Not only does it seem as if tribes will get regulatory advantages, but they will also be subject to fewer taxes than non-Indian neighbors engaged in similar enterprises. They won’t have to pay federal income tax on revenues from the cannabis business, and they won’t have to charge customers state sales tax on their purchases.
If this sounds familiar, it’s because we’ve been down this road before. American Indians were also offered significant advantages on the sale of cigarettes, alcohol and gasoline. In the 1980s and 90s, businesses on Indian territories weren’t charging state sales tax, and they attracted customers with their significantly lower prices.
Although their economies weren’t exactly thriving as a result, many small businesses earned some pretty startling profit margins. A Seneca leader in upstate New York told me that business owners regularly made 300 percent profit on these items.
Because American Indians can’t actually own land on reservations and have trouble getting business loans (since they have no collateral), there are a limited number of enterprises they can get into. But convenience stores don’t require a big investment, so many Indians went into those businesses.

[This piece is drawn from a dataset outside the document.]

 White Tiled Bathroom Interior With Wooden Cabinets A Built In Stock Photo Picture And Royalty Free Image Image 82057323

In 1991, the profits began to taper off with the settlement of the case of Oklahoma Tax Commission v. Citizen Band, Potawatomi Indian Tribe of Oklahoma. The Supreme Court held that although tribes needn’t charge tax on their own members, they did have to collect tax if they sold cigarettes to nonmembers. Enforcement of the law was difficult, for obvious reasons.
Are you really going to prove that you’re an Indian every time you buy cigarettes? What counts as proof? Why can’t you buy them for someone standing outside the store? In principle, it could be no more difficult than checking someone’s ID before the purchase of liquor.

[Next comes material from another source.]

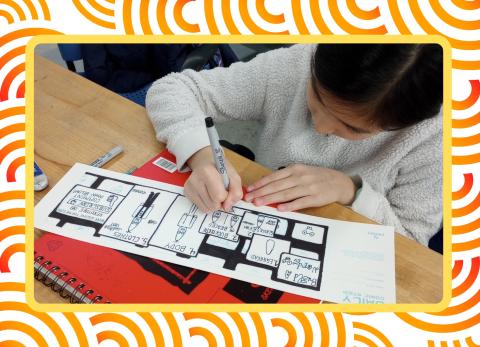 student drawing comic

But in some areas, enforcement was simply nonexistent, because the reporting procedures for taxation required by the federal government and by the individual states weren’t the same as the ones on the territories.
The real change came in 2010 with the passage of the Prevent All Cigarette Trafficking Act, whose goal was to halt the sale of untaxed cigarettes online. The main idea was to curb the sales of cigarettes to minors -- who knows how many kids were going online to order their smokes? -- and to limit the tobacco black market, which the feds said was being used to fund organized crime and even terrorist activities. The major effect of the new law, though, was to ensure that online and mail-order retailers couldn’t evade state and federal taxes.
The result, explains Michael A. John, the manager of the Small Business Incubator Program on the Seneca territory in upstate New York, was “major economic devastation.” The businesses that weren’t meeting the reporting requirements had to close down. For others, without the advantage of being able to sell cigarettes tax-free, profit margins plunged. The problem, John says, is that these businesses simply couldn’t undercut the competition off the reservation anymore.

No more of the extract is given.